What you probably wanted is to write "show a set of char by showing chars inside of it".

So to fix your instance:

instance Show (RBT Char) where
    show a = "something"

But it doesn't show anything useful. You need to do pattern matching on constructors of RBT to get the work done:

instance Show (RBT Char) where
    show E = "something"
    show (T a b c d) = "something else"

But for your task it will be simpler just to use the derived Show instances for RBT a and Color.

0
Jan Christiansen On

To transform a value into a string, Haskell uses a so-called type class. Simplified, type classes just provide functions that behave differently depending on the type of their argument. This approach is very similar to method overloading known from object-oriented programming languages. The type class Show provides a function called show that transforms a value of some type into a string. For example, the expression show 1 yields the string "1". If there is a function show that transforms a value of some type into a string we say that there is an instance of the type class Show for this type. In other words, there is an instance of the type class Show for integers.

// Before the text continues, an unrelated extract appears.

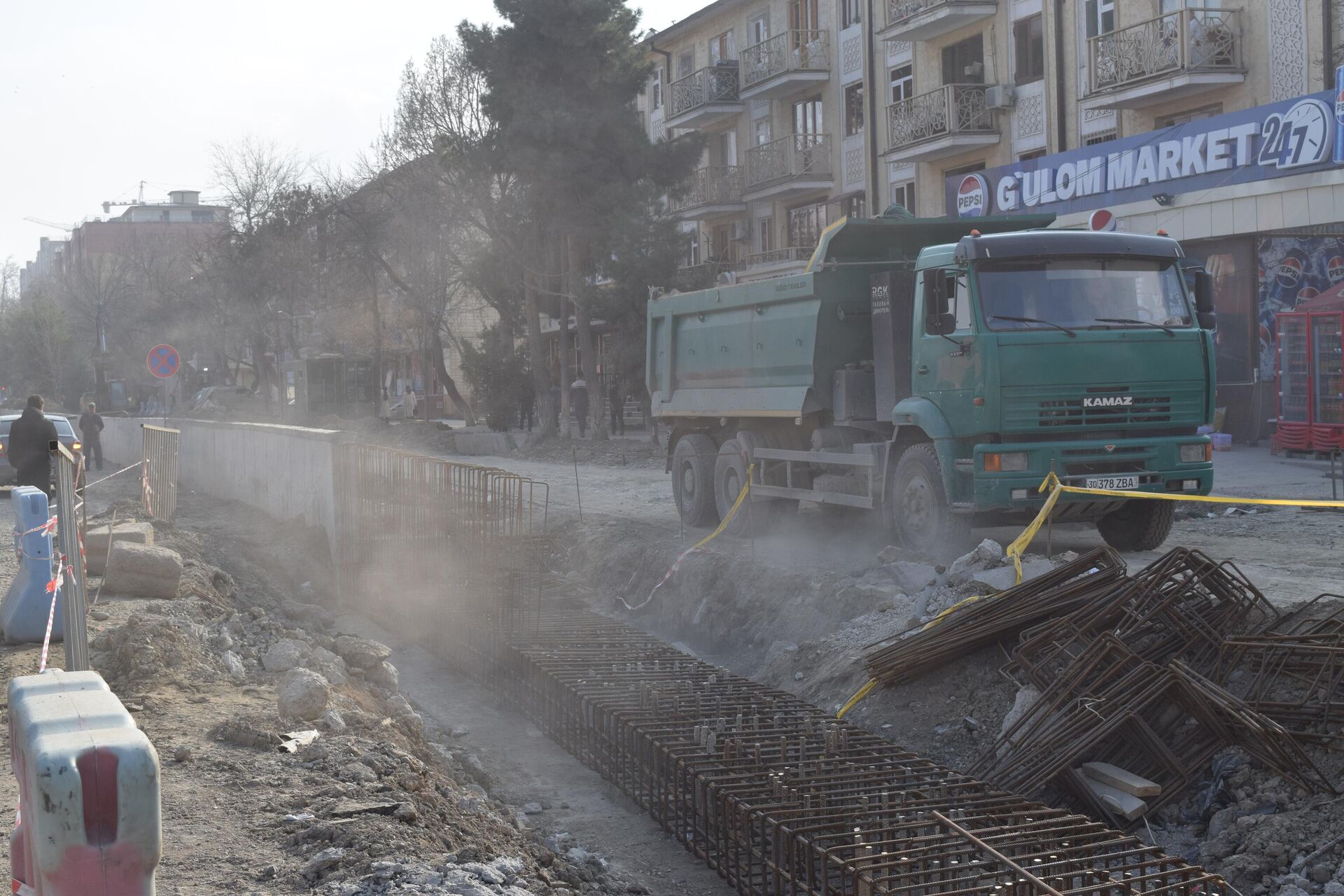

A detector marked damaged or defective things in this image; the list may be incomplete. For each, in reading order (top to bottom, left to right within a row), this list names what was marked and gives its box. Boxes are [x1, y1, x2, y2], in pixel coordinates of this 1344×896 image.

broken concrete slab [84, 521, 153, 578]
broken concrete slab [102, 542, 185, 598]
broken concrete slab [1075, 774, 1150, 822]
broken concrete slab [1075, 763, 1161, 800]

This show function is also used when you evaluate an expression in ghci. Therefore, it tells you that there is no instance (Show (Set Char)), in other words, it does not know, how to transform a value of type Set Char into a string. For custom types like your types Set, RBT, and Color you have to provide instances of the type class Show in order to display values of theses types on the console. To define an instance of the type class Show for the type Color you can use the following definition.

instance Show Color where:
  show R = "Red"
  show B = "Black"

That is, if you write R into ghci, it will print Red. For simple Haskell data types, there is a canonical definition of the Show type class. For example, the canonical definition of Show for Color is as follows.

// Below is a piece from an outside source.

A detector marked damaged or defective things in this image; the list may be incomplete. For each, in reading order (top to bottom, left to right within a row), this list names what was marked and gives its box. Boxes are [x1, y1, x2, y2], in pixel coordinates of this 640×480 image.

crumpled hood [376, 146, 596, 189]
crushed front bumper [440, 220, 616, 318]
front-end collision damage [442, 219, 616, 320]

instance Show Color where:
  show R = "R"
  show B = "B"

To relieve the user from defining instances like this, Haskell provides a so-called "deriving mechanism". That is, if you write

  deriving (Show)

after the definition of a data type, the compiler will generate a canonical instance of the Show type class for your data type.

If a data type makes use of another data type, deriving a Show instance of the former will require a Show instance of the latter. For example, consider the following data type.

data RBT e = E | T Color (RBT e) e (RBT e)

The data type RBT uses the type Color in its definition. The canonical Show instance of the T constructor will start with "T " and afterwards show the value of type Color. Therefore, deriving the Show instance for RBT requires an instance of Show for Color.